La visite commence par le temple de Quetzalcoatl, le serpent a plume, dieu de l'etoile du matin. Superbement reconstitue, le temple fait apparaitre de nombreuses tetes sculptees, et plusieurs corps de serpent. De la commence l'avenue des morts, artere principale de la cite en ruine, qui mene a la pyramide de la lune. Avant d'y parvenir, on longe la pyramide du soleil, la plus grande d'Amerique. Enfin, pas certain qu'elle ait ete dediee au soleil. Elle eaurait ete un temple au dieu de l'eau : Tlaloc, selon le sdernieres theories. Presque 100m de haut, l'ascencion est difficile, surtout pour Fabrice, sujet au vertige, mais qui arrivera fierement au sommet. En redescendant, nous sommes assaillis par les vendeurs ambulants. Fabrice et Monica s'offrent une superbe nappe carrelle multicolore, qui ravira leur salon encore trop nu. C'est en repartant de la pyramide que j'ai le plus ressenti l'emotion du site. Le lieu etait le coeur de l'Amerique Centrale pendant le premier millenair. Leur reseau commercial s'etendait des mayas guatemalteques jusqu'aux rives du Colorado en Arizona, d'ou etaient importees les pierres turquoises. On se demande comment ont ete baties des pyramides aussi massives. Et puis le vent souffle... Vraiment un lieu magique !

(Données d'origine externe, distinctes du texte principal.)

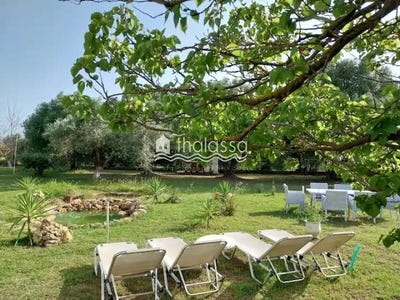/international/gr/ntomata-peloponnese-western-greece-and-ionian-310096820651/
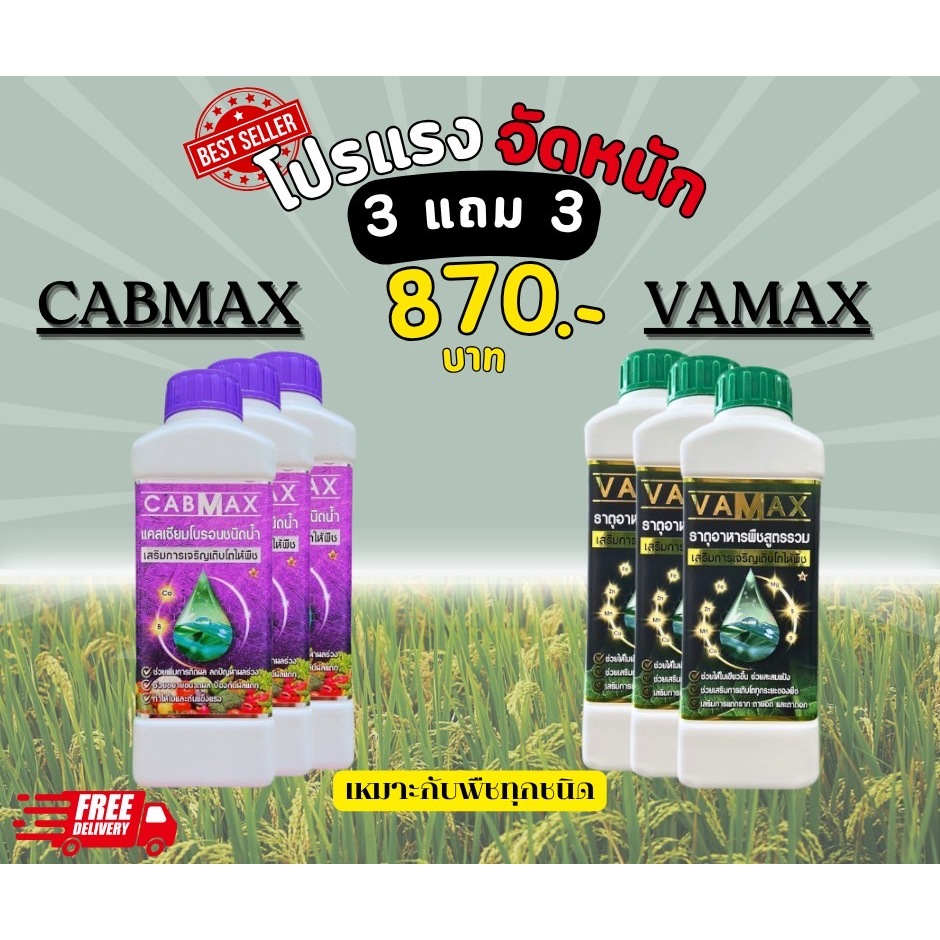 CABMAX แคลเซียมและโบรอนเข้มข้น + VAMAX ธาตุอาหารรวมเข้มข้น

Et si certes la pizza que nous devorons en ville a peine sortis du site n'est pas des meilleures, vous nous avez fait decouvrir de superbes restaux, comme le gargantuesque Don Taco, cette jolie creperie bretonne, ou la pizza argentine que nous avons mange avec Irma et Octavio. Bref, on s'est regale, de vos plats, de votre amitie. Un sejour qu'on n'est pas prets d'oublier. Merci a vous Monica et Fabrice !

lundi 15 mars 2010

Oiser a Oaxaca

Huit heures de bus, c'est penible, surtout quand le regard est irresistiblement attire vers un navet pas possible a la tele, du genre Iron Man. Mais quand on arrive a s'arracher a la malediction, c'est la magie du paysage qui reprend ses droits. Ainsi, pour aller a Oaxaca, des montagnes envahies de cactus hauts comme des arbres nous ont donne l'impression de traverser un immense decor de western...
A Oaxaca, on se sent tout de suite bien. Sur une place, des vendeurs de ballons baudruche disparaissent derriere Mickey, Shrek et Dora l'Exploratrice. Sur une autre, des vendeurs d'artisanat jouent aux attrape-touristes. Plus loin, le musee de photographie presente une superbe exposition (gratuite) de George Miller, un Americain qui a photographie le Mexique des annees 1960. Un soir, nous decouvrons un marche aux livres d'occasion. Le lendemain, des jeunes dansent le hip-hop sur un bout de trottoir. Le jour suivant encore, nous allons ecouter un concert de guitare et percussions dans le patio a l'air libre du musee d'art local. Au hasard de nos balades, nous decouvrons la bibliotheque ancienne de Oaxaca, installee dans l'ex-couvent franciscain. Si les vieux murs peints offrent un ecrin magnifique aux 24 000 volumes gardes sur les etageres, les dorures de l'eglise attenante sont tout bonnement a couper le souffle. Difficile de comprendre comment un decor aussi charge parvient malgre tout a etre si beau. La genealogie du Christ, sculptee sur la voute a l'entree, nous impressionne particulierement.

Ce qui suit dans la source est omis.